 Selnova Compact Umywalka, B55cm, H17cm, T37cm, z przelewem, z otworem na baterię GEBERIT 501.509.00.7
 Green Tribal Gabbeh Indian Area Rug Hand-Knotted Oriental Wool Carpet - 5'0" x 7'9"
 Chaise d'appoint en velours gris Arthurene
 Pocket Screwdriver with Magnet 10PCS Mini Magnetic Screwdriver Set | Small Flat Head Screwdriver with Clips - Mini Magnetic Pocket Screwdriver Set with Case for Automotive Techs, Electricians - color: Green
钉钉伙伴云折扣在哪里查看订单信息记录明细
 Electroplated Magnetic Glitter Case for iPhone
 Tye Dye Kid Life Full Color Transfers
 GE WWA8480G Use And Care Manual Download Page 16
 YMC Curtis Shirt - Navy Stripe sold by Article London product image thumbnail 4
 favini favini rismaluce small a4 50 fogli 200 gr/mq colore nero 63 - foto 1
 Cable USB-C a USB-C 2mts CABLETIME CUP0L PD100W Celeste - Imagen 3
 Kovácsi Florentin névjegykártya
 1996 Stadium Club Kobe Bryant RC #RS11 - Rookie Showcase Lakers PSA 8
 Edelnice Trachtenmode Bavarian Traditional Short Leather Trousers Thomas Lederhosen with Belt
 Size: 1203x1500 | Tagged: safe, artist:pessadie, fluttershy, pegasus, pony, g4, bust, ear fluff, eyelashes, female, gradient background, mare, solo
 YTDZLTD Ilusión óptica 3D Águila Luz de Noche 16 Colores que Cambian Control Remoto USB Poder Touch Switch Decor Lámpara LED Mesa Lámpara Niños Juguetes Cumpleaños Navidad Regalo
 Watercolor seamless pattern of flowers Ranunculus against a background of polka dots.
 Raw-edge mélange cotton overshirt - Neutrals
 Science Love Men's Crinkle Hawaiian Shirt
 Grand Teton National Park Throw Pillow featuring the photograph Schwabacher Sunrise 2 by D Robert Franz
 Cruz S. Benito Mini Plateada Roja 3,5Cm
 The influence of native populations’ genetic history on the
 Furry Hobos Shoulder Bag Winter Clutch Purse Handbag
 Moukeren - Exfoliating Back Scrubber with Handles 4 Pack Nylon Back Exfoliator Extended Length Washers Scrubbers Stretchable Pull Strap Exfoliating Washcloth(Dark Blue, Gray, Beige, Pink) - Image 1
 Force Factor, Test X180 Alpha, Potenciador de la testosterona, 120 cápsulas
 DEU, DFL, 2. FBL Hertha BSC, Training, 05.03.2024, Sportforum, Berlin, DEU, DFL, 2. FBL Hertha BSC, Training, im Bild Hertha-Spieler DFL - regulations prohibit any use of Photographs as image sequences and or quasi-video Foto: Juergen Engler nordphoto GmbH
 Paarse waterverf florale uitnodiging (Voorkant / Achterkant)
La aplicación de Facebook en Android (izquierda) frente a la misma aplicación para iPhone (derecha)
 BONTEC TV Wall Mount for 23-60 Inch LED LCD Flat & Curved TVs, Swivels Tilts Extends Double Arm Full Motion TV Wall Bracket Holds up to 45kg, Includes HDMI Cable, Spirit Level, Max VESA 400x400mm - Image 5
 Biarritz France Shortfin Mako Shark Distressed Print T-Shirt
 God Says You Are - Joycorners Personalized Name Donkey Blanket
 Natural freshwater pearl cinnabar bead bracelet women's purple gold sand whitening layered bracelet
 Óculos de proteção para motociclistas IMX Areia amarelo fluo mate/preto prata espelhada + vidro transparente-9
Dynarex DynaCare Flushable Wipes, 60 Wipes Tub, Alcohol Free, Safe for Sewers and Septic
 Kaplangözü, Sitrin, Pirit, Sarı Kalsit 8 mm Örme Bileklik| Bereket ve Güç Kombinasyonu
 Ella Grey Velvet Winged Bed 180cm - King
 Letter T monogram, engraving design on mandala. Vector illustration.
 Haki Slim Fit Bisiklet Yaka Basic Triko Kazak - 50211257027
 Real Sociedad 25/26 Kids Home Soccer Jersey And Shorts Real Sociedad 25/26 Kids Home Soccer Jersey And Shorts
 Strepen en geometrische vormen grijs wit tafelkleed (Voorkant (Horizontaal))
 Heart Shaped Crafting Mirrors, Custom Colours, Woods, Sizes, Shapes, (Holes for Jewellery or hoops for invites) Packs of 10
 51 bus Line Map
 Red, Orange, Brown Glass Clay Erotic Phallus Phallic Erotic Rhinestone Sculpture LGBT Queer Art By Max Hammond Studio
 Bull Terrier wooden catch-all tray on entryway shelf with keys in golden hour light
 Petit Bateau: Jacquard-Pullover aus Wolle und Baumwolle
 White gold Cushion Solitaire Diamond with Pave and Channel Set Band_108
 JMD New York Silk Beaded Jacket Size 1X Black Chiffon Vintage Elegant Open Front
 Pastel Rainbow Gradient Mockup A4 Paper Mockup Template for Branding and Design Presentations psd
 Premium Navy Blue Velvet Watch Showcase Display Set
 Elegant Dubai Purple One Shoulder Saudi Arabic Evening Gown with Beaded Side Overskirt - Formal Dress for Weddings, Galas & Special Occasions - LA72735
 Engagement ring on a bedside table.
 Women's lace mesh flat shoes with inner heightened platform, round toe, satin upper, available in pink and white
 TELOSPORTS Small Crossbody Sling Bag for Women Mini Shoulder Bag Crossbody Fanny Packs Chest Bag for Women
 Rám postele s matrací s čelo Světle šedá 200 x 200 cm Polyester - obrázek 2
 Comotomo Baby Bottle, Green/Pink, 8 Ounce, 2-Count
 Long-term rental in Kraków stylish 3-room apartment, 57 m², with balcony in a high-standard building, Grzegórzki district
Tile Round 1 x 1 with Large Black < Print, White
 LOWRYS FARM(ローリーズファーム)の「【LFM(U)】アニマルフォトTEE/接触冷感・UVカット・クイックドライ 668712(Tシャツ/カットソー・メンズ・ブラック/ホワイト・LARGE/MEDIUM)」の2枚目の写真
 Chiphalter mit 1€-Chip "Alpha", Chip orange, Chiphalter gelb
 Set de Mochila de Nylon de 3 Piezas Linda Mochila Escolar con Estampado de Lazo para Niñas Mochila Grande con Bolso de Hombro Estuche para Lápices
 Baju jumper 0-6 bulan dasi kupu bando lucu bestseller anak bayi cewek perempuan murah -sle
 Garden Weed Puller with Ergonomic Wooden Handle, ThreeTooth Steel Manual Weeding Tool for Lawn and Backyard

· · · · ·

Without any change, reproduce the listing above in full.

*Completed task*
 Selnova Compact Umywalka, B55cm, H17cm, T37cm, z przelewem, z otworem na baterię GEBERIT 501.509.00.7
 Green Tribal Gabbeh Indian Area Rug Hand-Knotted Oriental Wool Carpet - 5'0" x 7'9"
 Chaise d'appoint en velours gris Arthurene
 Pocket Screwdriver with Magnet 10PCS Mini Magnetic Screwdriver Set | Small Flat Head Screwdriver with Clips - Mini Magnetic Pocket Screwdriver Set with Case for Automotive Techs, Electricians - color: Green
钉钉伙伴云折扣在哪里查看订单信息记录明细
 Electroplated Magnetic Glitter Case for iPhone
 Tye Dye Kid Life Full Color Transfers
 GE WWA8480G Use And Care Manual Download Page 16
 YMC Curtis Shirt - Navy Stripe sold by Article London product image thumbnail 4
 favini favini rismaluce small a4 50 fogli 200 gr/mq colore nero 63 - foto 1
 Cable USB-C a USB-C 2mts CABLETIME CUP0L PD100W Celeste - Imagen 3
 Kovácsi Florentin névjegykártya
 1996 Stadium Club Kobe Bryant RC #RS11 - Rookie Showcase Lakers PSA 8
 Edelnice Trachtenmode Bavarian Traditional Short Leather Trousers Thomas Lederhosen with Belt
 Size: 1203x1500 | Tagged: safe, artist:pessadie, fluttershy, pegasus, pony, g4, bust, ear fluff, eyelashes, female, gradient background, mare, solo
 YTDZLTD Ilusión óptica 3D Águila Luz de Noche 16 Colores que Cambian Control Remoto USB Poder Touch Switch Decor Lámpara LED Mesa Lámpara Niños Juguetes Cumpleaños Navidad Regalo
 Watercolor seamless pattern of flowers Ranunculus against a background of polka dots.
 Raw-edge mélange cotton overshirt - Neutrals
 Science Love Men's Crinkle Hawaiian Shirt
 Grand Teton National Park Throw Pillow featuring the photograph Schwabacher Sunrise 2 by D Robert Franz
 Cruz S. Benito Mini Plateada Roja 3,5Cm
 The influence of native populations’ genetic history on the
 Furry Hobos Shoulder Bag Winter Clutch Purse Handbag
 Moukeren - Exfoliating Back Scrubber with Handles 4 Pack Nylon Back Exfoliator Extended Length Washers Scrubbers Stretchable Pull Strap Exfoliating Washcloth(Dark Blue, Gray, Beige, Pink) - Image 1
 Force Factor, Test X180 Alpha, Potenciador de la testosterona, 120 cápsulas
 DEU, DFL, 2. FBL Hertha BSC, Training, 05.03.2024, Sportforum, Berlin, DEU, DFL, 2. FBL Hertha BSC, Training, im Bild Hertha-Spieler DFL - regulations prohibit any use of Photographs as image sequences and or quasi-video Foto: Juergen Engler nordphoto GmbH
 Paarse waterverf florale uitnodiging (Voorkant / Achterkant)
La aplicación de Facebook en Android (izquierda) frente a la misma aplicación para iPhone (derecha)
 BONTEC TV Wall Mount for 23-60 Inch LED LCD Flat & Curved TVs, Swivels Tilts Extends Double Arm Full Motion TV Wall Bracket Holds up to 45kg, Includes HDMI Cable, Spirit Level, Max VESA 400x400mm - Image 5
 Biarritz France Shortfin Mako Shark Distressed Print T-Shirt
 God Says You Are - Joycorners Personalized Name Donkey Blanket
 Natural freshwater pearl cinnabar bead bracelet women's purple gold sand whitening layered bracelet
 Óculos de proteção para motociclistas IMX Areia amarelo fluo mate/preto prata espelhada + vidro transparente-9
Dynarex DynaCare Flushable Wipes, 60 Wipes Tub, Alcohol Free, Safe for Sewers and Septic
 Kaplangözü, Sitrin, Pirit, Sarı Kalsit 8 mm Örme Bileklik| Bereket ve Güç Kombinasyonu
 Ella Grey Velvet Winged Bed 180cm - King
 Letter T monogram, engraving design on mandala. Vector illustration.
 Haki Slim Fit Bisiklet Yaka Basic Triko Kazak - 50211257027
 Real Sociedad 25/26 Kids Home Soccer Jersey And Shorts Real Sociedad 25/26 Kids Home Soccer Jersey And Shorts
 Strepen en geometrische vormen grijs wit tafelkleed (Voorkant (Horizontaal))
 Heart Shaped Crafting Mirrors, Custom Colours, Woods, Sizes, Shapes, (Holes for Jewellery or hoops for invites) Packs of 10
 51 bus Line Map
 Red, Orange, Brown Glass Clay Erotic Phallus Phallic Erotic Rhinestone Sculpture LGBT Queer Art By Max Hammond Studio
 Bull Terrier wooden catch-all tray on entryway shelf with keys in golden hour light
 Petit Bateau: Jacquard-Pullover aus Wolle und Baumwolle
 White gold Cushion Solitaire Diamond with Pave and Channel Set Band_108
 JMD New York Silk Beaded Jacket Size 1X Black Chiffon Vintage Elegant Open Front
 Pastel Rainbow Gradient Mockup A4 Paper Mockup Template for Branding and Design Presentations psd
 Premium Navy Blue Velvet Watch Showcase Display Set
 Elegant Dubai Purple One Shoulder Saudi Arabic Evening Gown with Beaded Side Overskirt - Formal Dress for Weddings, Galas & Special Occasions - LA72735
 Engagement ring on a bedside table.
 Women's lace mesh flat shoes with inner heightened platform, round toe, satin upper, available in pink and white
 TELOSPORTS Small Crossbody Sling Bag for Women Mini Shoulder Bag Crossbody Fanny Packs Chest Bag for Women
 Rám postele s matrací s čelo Světle šedá 200 x 200 cm Polyester - obrázek 2
 Comotomo Baby Bottle, Green/Pink, 8 Ounce, 2-Count
 Long-term rental in Kraków stylish 3-room apartment, 57 m², with balcony in a high-standard building, Grzegórzki district
Tile Round 1 x 1 with Large Black < Print, White
 LOWRYS FARM(ローリーズファーム)の「【LFM(U)】アニマルフォトTEE/接触冷感・UVカット・クイックドライ 668712(Tシャツ/カットソー・メンズ・ブラック/ホワイト・LARGE/MEDIUM)」の2枚目の写真
 Chiphalter mit 1€-Chip "Alpha", Chip orange, Chiphalter gelb
 Set de Mochila de Nylon de 3 Piezas Linda Mochila Escolar con Estampado de Lazo para Niñas Mochila Grande con Bolso de Hombro Estuche para Lápices
 Baju jumper 0-6 bulan dasi kupu bando lucu bestseller anak bayi cewek perempuan murah -sle
 Garden Weed Puller with Ergonomic Wooden Handle, ThreeTooth Steel Manual Weeding Tool for Lawn and Backyard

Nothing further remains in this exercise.